DOES OUR VIEW OF THE GREATER REALITIES HAVE TO ALWAYS COME FROM FAITH IN THE AUTHORITY OF OTHERS, OR CAN IT BE SQUARED WITH OUR SENSES AND OUR COMMON SENSE?
Whether you’re consciously religious or emotionally dependent on parents who are, deep down inside you the question lurks: do systematic beliefs have anything to do with reality?
Some may protest the question, saying that the Bible wouldn’t have lasted so long or be so popular if it weren’t true. Yet in certain times Gnosticism has been quite popular, and The Da Vinci Code and The Matrix are just the latest examples of how that popularity isn’t going anywhere.
Here are several reasons why it seems like systematic beliefs don’t have much to do with reality. They are as follows:
- If by reality you mean “physical reality”, faith usually deals primarily with non-physical reality.

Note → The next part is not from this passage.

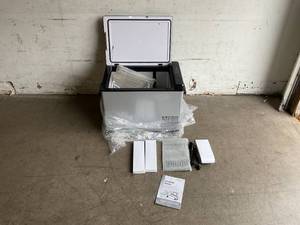 lot 21 image: KEED BING 42 qt Carbon Steel Shell Portable Refrigerator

- Particularly recently there is a false belief that the Constitution of the United States of America says something about a “separation of church and state”. Trickling down from this belief, and equally false, is the notion of a “separation of mind and senses”. Obviously a mind that mistrusts its senses (or rather dislikes what she thinks they’re telling her) seeks faith.
- Worship is essentially submission and self-sacrifice. Most religious and biblical people would say that the endpoint of the faith they teach is worship. Faith is to the mind what worship is to the body, namely an at least symbolic dying. (Even if you don’t bow or kneel, baptism itself clearly symbolizes drowning.)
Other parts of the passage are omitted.